Se fosse só isso, bastava como excelente programação cultural. Mas não - Laquê tem muito mais de profundo (e profuso) do que julga nossa vã filosofia. A começar pelo elenco: entre atores e moradores da região, as profissionais do sexo - afinal, ninguém melhor que as próprias para reconstruir tal vivência - misturam o enredo às próprias histórias de amor, amizade, luta e dor. É bonita ver a quase-vergonha nos rostos destas mulheres sofridas, que muitas vezes desnudaram-se frente a desconhecidos, e que - ainda sim - abafam o texto com pequenas risadas, com uma inocência que não mais se vê. É bonito ver o amor com que os já profissionais se dedicam à peça, e a vibração nos olhos de cada um deles. É bonito ver um cenário histórico da nossa cidade, com riscos de tombar no esquecimento, ganhar vida e voz novamente.
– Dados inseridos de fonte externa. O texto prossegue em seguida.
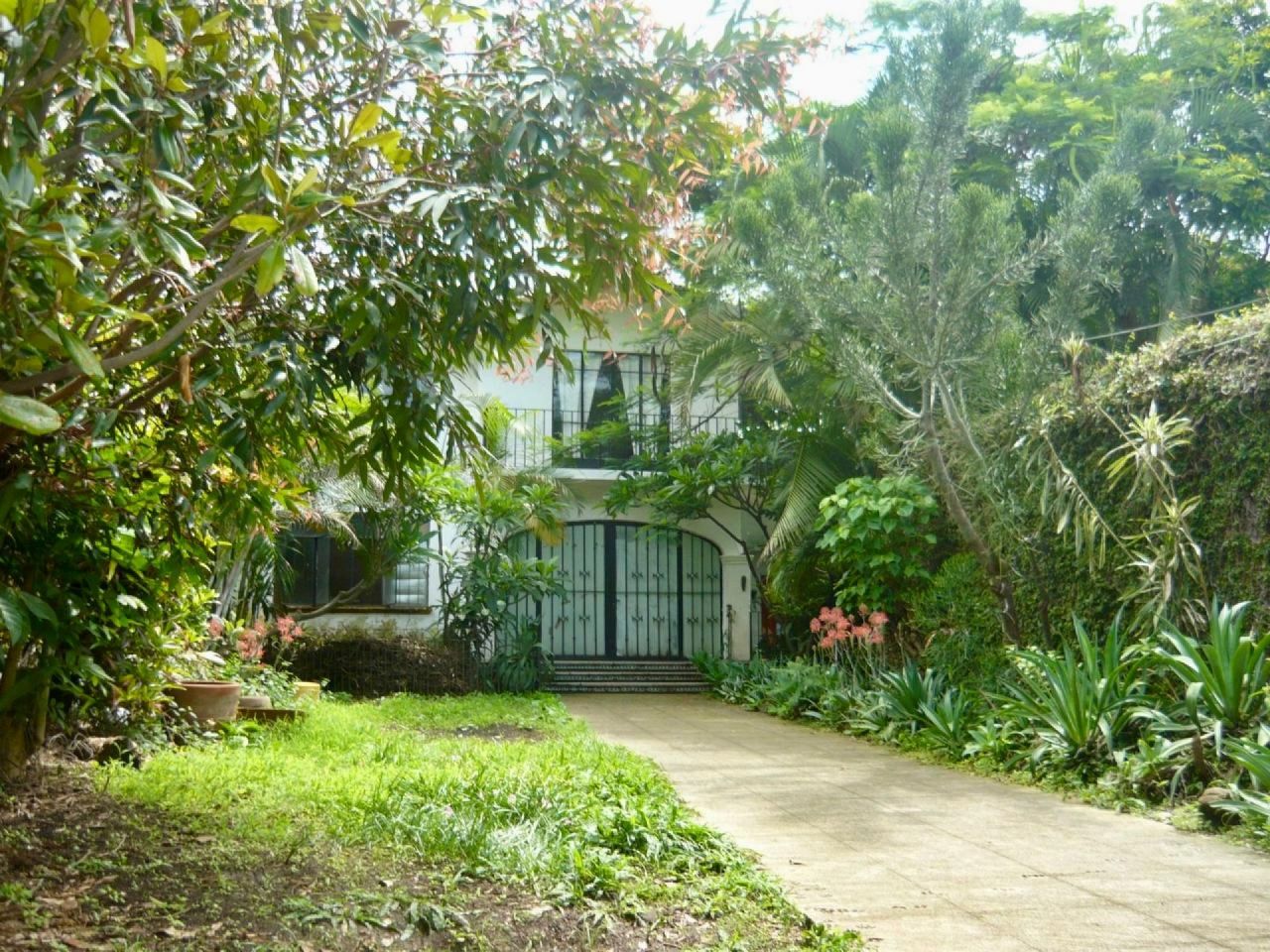 Casas en Reforma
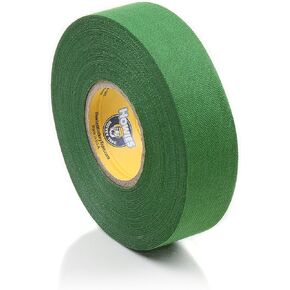Howies Hockey Stick Tape Premium Colored Green 1" x 25yd (75')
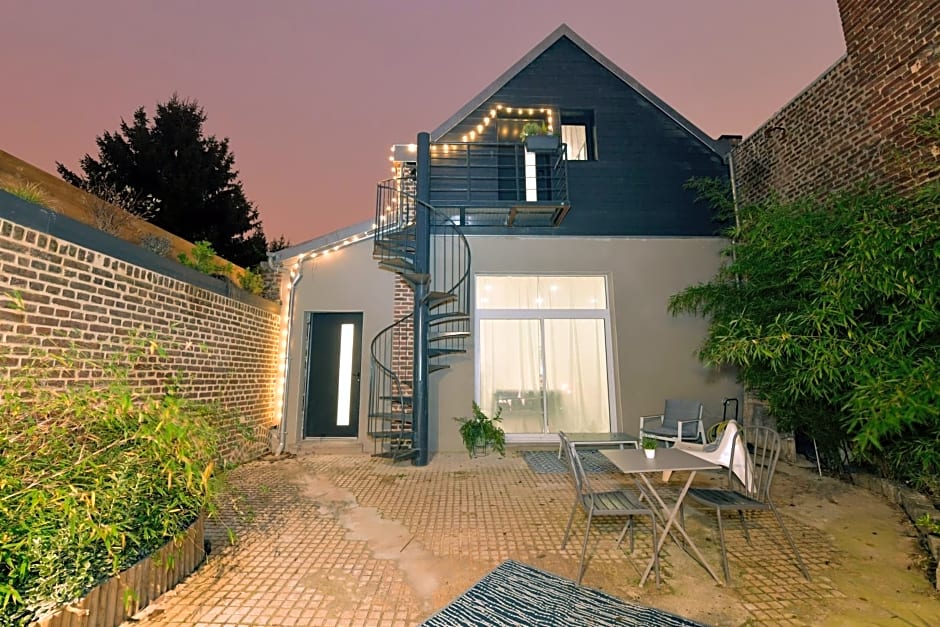 Chambres d'hotes Les Nuits Pastel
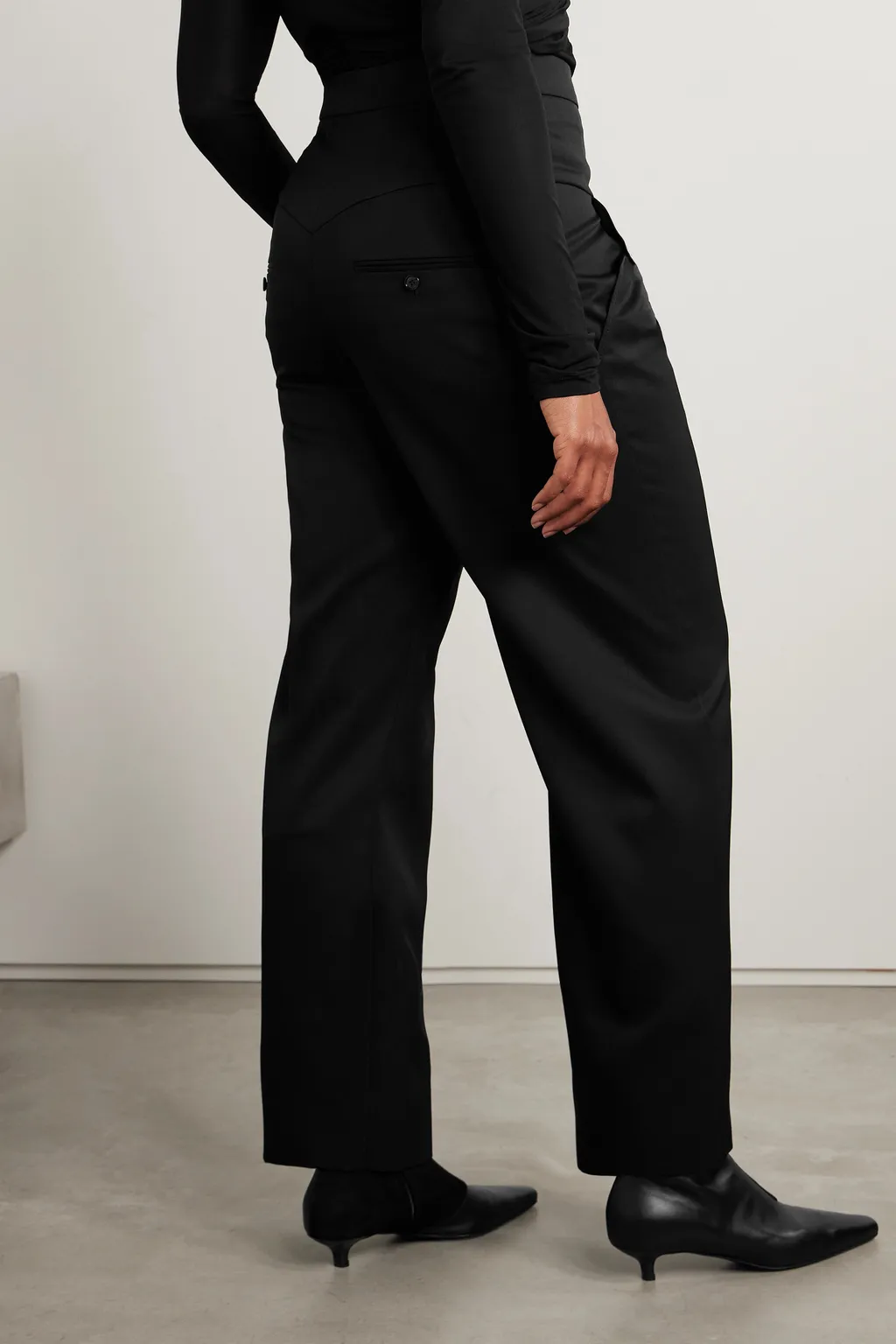 Staya Wool Pants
Porém, mais bonito que tudo isso é o tapa-sem-mão na cara da sociedade hipócrita que trata prostitutas com ares de pena, desprezo ou indiferença. Elas mostraram - e muito bem, aliás - que nelas cabe a maior das dignidades: aquela sem ostentação, sem foto na coluna social, sem reconhecimento. Mostraram que garotas de programa, meretrizes, prostitutas, qualquer que seja o nome, são pessoas, com amores, lutas, dores e carnavais, e que juntas ajudam a formar o teatro, a história e a mesma sociedade que pra elas deu de ombros. A zona agora fala. E ganha os aplausos que merece.
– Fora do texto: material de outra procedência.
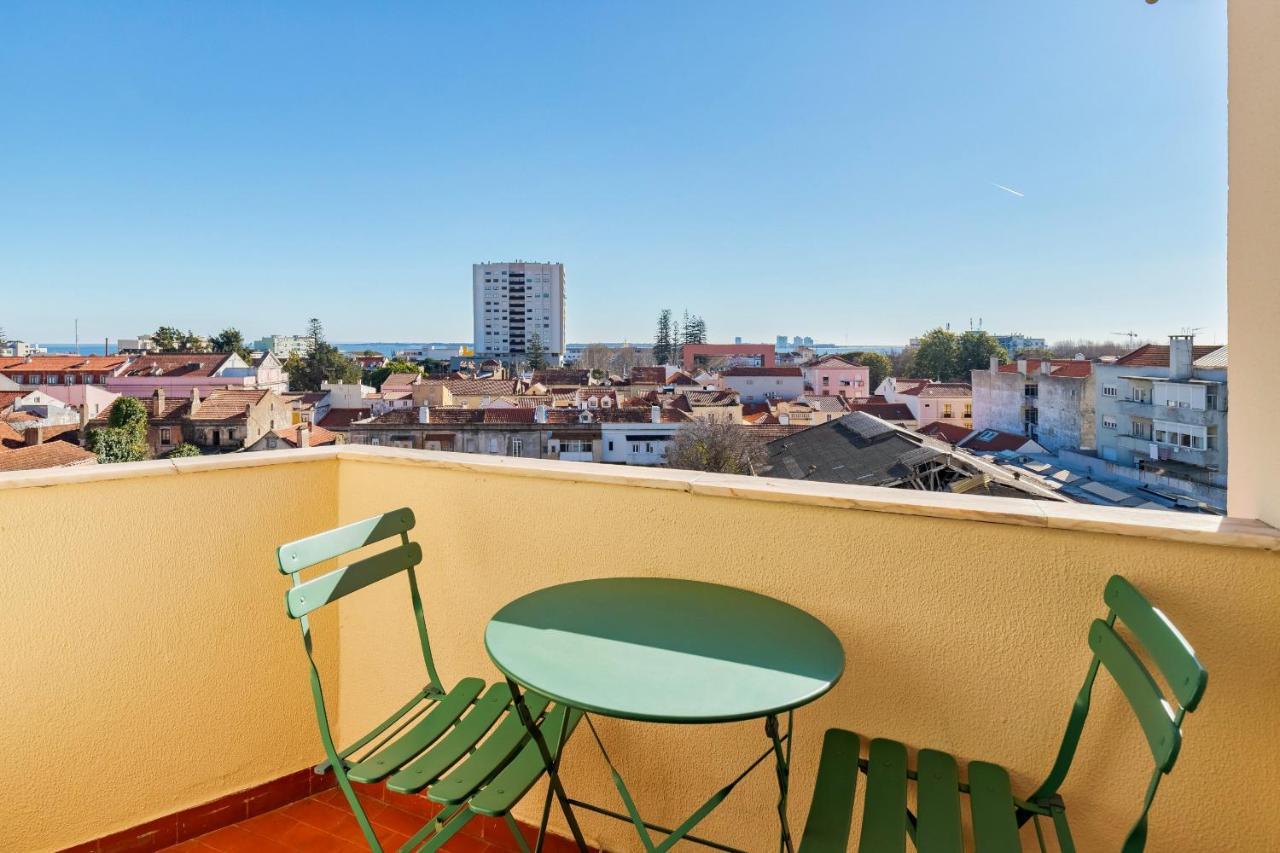شقة Setubal Downtown Soho المظهر الخارجي الصورة
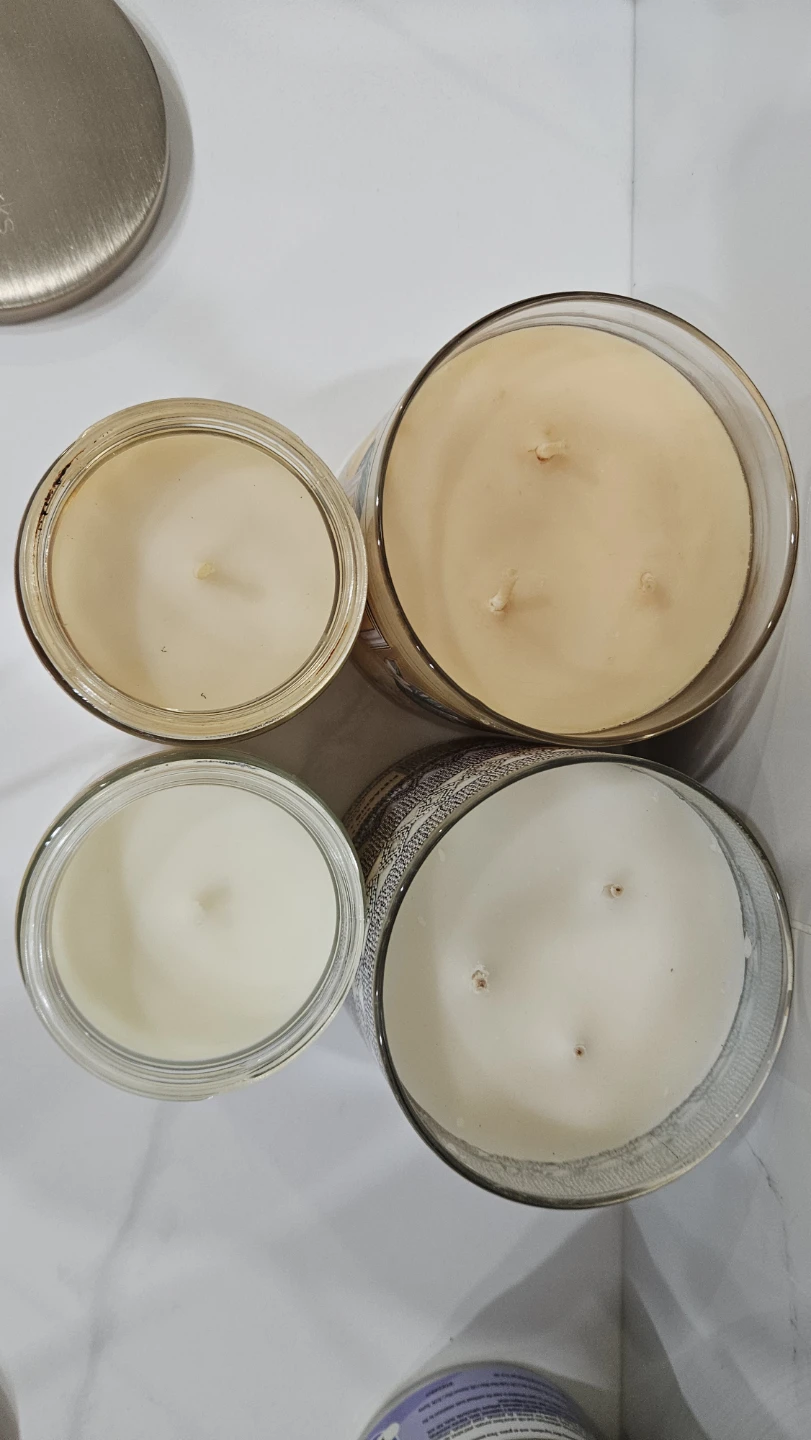 Set of 4 Bath & Body Works Candles - photo 3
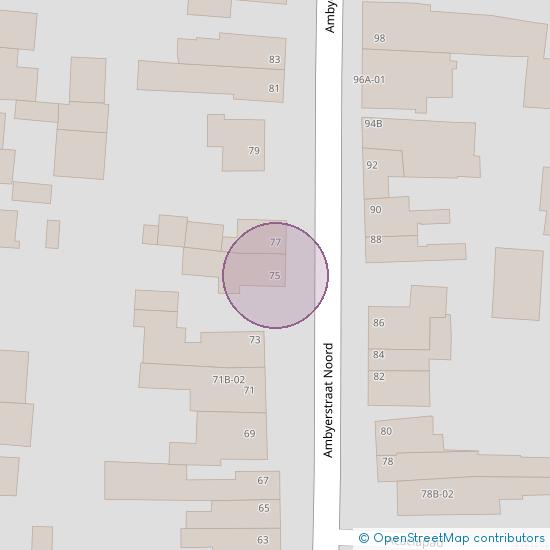 Ambyerstraat Noord 75 6225 EB Maastricht
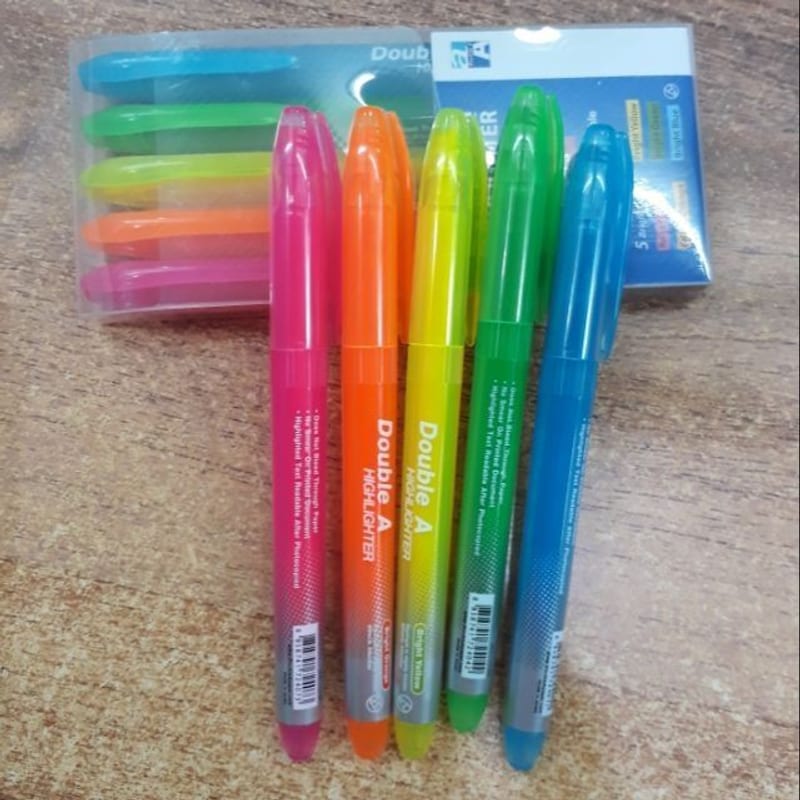 Bút nhớ dòng DoubleA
*Camila Barbalho é estudante de jornalismo da UNAMA - camilabarbalhob3@hotmail.com

segunda-feira, 1 de outubro de 2007

A Companhia Teatral Nós Outros: um constante laboratório


A Companhia Teatral Nós Outros apresentou, neste último final de semana, no Teatro Waldemar Henrique, o "EXERCÍCIO Nº 01: O HOMEM DO PRINCÍPIO AO FIM", resultado da oficina de Preparação de Atores promovida pela companhia e coordenada por Adriano Barroso e Aílson Braga. No elenco: Ives Oliveira, Mariana Pureza, João Lucas, Mary Ferreira e Hudson Andrade. Aclimatando a cena com guitarras, percussão, violoncello e violino, os músicos Júnior Cabrali e Ray Thomas.

O adaptação do original de Millôr Fernandes faz a trajetória da humanidade de Adão até a bomba H, uma crítica da condição humana com a irreverência e a transgressão típicas do multimidiático escritor carioca. A literatura universal e brasileira perpassa o texto de Millôr, situando essa trajetória da saga do homem em personagens, protestos, poemas e canções.

"Esse exercício é parte de um processo constante de pesquisa da companhia. Neste nos focamos na construção da personagem, na pesquisa dos gêneros teatrais...", comenta Adriano Barroso, que assina a encenação com o parceiro de longa data Aílson Braga.

"Sempre fizemos processos longos de pesquisa. Fazemos oficinas de capacitação dentro dos elementos que compõe nossos espetáculos. A Companhia foi contemplada com o Prêmio Myrian Muniz este ano, para montar 'Comédia de Erros', de Shakespeare, e desde logo este desafio exige a pesquisa da construção da personagem e do dizer do texto. Isso envolve desde o estudo do texto até a dicção, a impostação etc.", explica Hudson Andrade, que atua no exercício e é um dos fundadores dos Nós Outros.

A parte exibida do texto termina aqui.